Why I Bothered With Dictation In the First Place
Like any true sci-fi nerd, I’ve always been intrigued by voice control and dictation. It looks so cool in the movies, and it’s getting closer every day. Whether we like it or not, we’ll probably be controlling our computers and phones with our voices a lot more in the coming years.
Dictation has a certain romantic quality to it; it’s the modern equivalent of muttering your thoughts into a tape recorder, with the added benefit of writing down what you say, as you say it. For someone who types all day long, this sounds awesome. Maybe I could write while walking. Or, let’s be honest, maybe I could write without ever getting out of bed or even sitting up. (That’s the dream, right?)

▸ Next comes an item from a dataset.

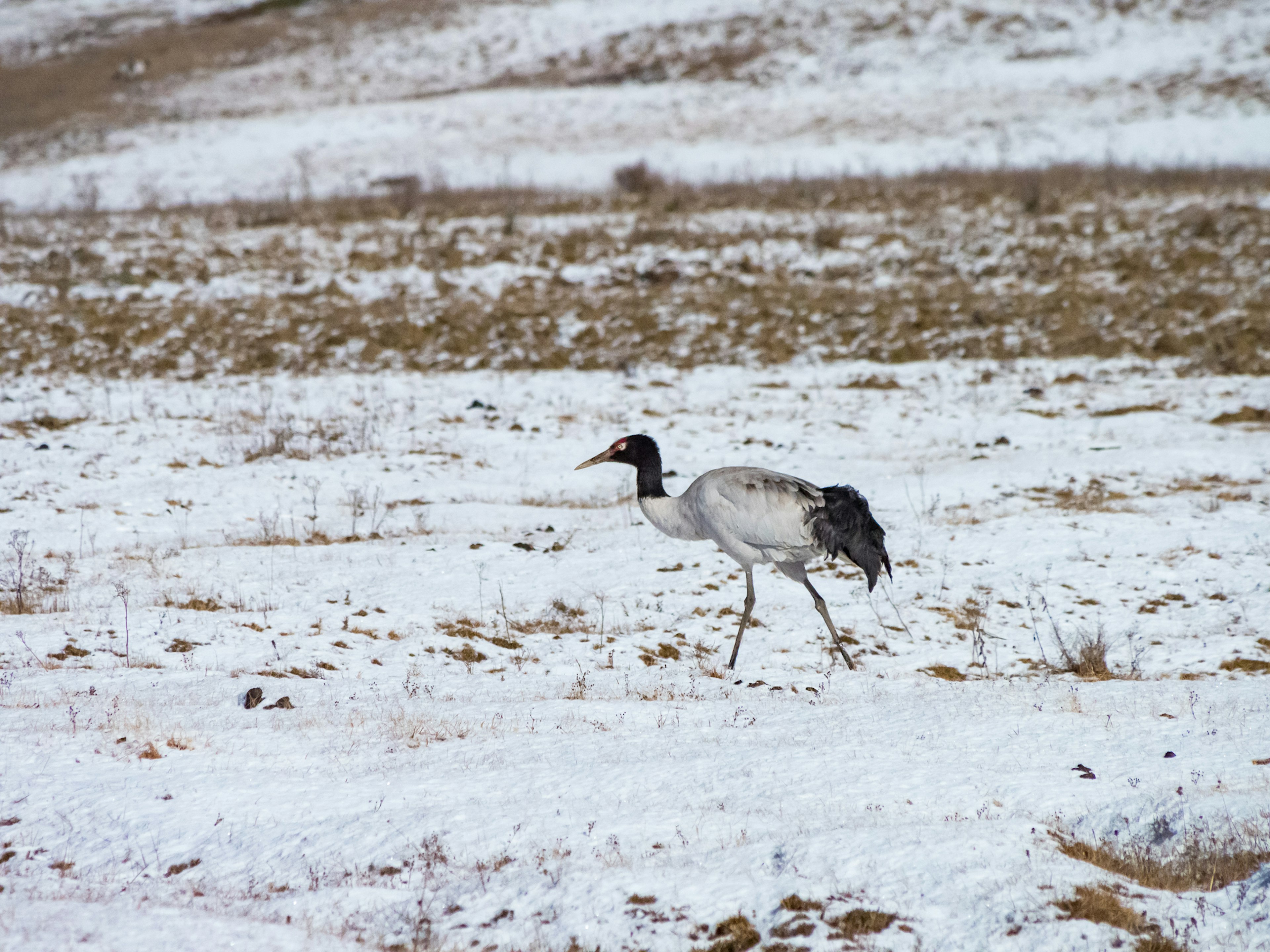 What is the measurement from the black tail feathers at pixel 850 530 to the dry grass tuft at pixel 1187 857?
286 centimetres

Even though I had low expectations for how this was going to go, the potential whimsy of enjoying talking to my electronic devices won out. Would I look and sound silly? Yes. Would I annoy my friends by responding to text messages in public places by talking to my phone? Yes. But it all seemed worth it because I might fall in love with this, and that made it worth trying out.
Day 1: Learning the Ropes
You’d think, from watching countless sci-fi movies, that voice control is rather intuitive. As I quickly learnt on my first day, it’s not. I started by just attempting to write a few blog posts using dictation. Here’s an excerpt from my first attempt, just to give you an idea of how poorly I was grasping how to use this:
,DeleteBackspaceTalkHaveJessica how does you’re talking to my phone sounds good
As should be pretty clear, the first thing that happened was an incorrect word, which I then attempted to delete. After that, I just ranted at my computer for a little while. OK, so this is going to take a little more research on my part to get the hang of the whole thing.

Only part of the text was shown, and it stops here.